Source material:
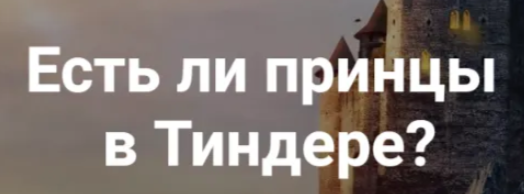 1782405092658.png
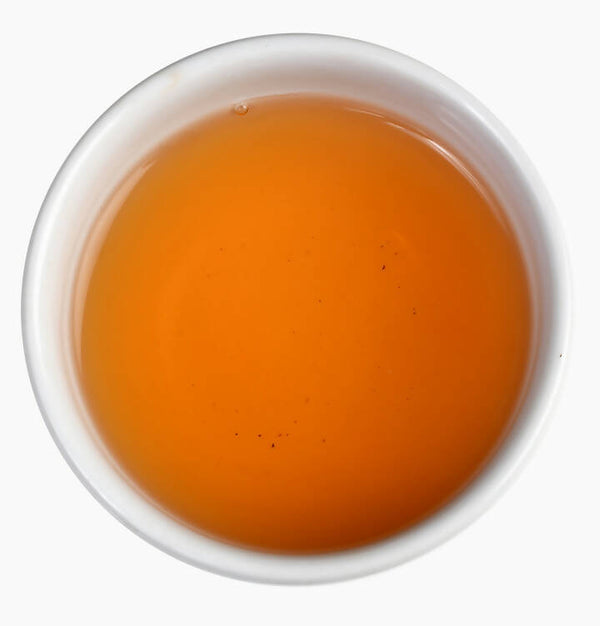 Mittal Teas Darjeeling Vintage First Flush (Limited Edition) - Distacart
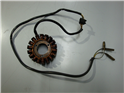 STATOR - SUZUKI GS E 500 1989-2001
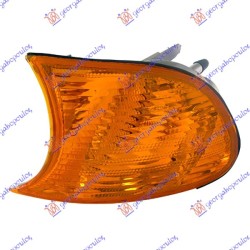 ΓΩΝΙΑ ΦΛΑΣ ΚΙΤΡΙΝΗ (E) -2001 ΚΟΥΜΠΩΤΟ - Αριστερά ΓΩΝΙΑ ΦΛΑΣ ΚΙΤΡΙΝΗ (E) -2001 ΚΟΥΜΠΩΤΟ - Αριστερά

...

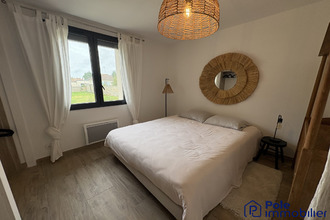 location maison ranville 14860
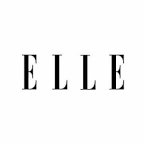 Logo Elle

...

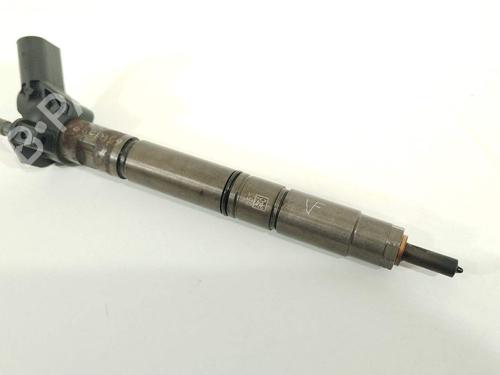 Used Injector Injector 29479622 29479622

Assignment:
Would you set down only the lines above from the line with "1782405092658.png" to the line with "ΓΩΝΙΑ ΦΛΑΣ ΚΙΤΡΙΝΗ (E) -2001 ΚΟΥΜΠΩΤΟ - Αριστερά ΓΩΝΙΑ", both included, exactly as they stand and without the pictures?

Answer to the problem:
 1782405092658.png
 Mittal Teas Darjeeling Vintage First Flush (Limited Edition) - Distacart
 STATOR - SUZUKI GS E 500 1989-2001
 ΓΩΝΙΑ ΦΛΑΣ ΚΙΤΡΙΝΗ (E) -2001 ΚΟΥΜΠΩΤΟ - Αριστερά ΓΩΝΙΑ ΦΛΑΣ ΚΙΤΡΙΝΗ (E) -2001 ΚΟΥΜΠΩΤΟ - Αριστερά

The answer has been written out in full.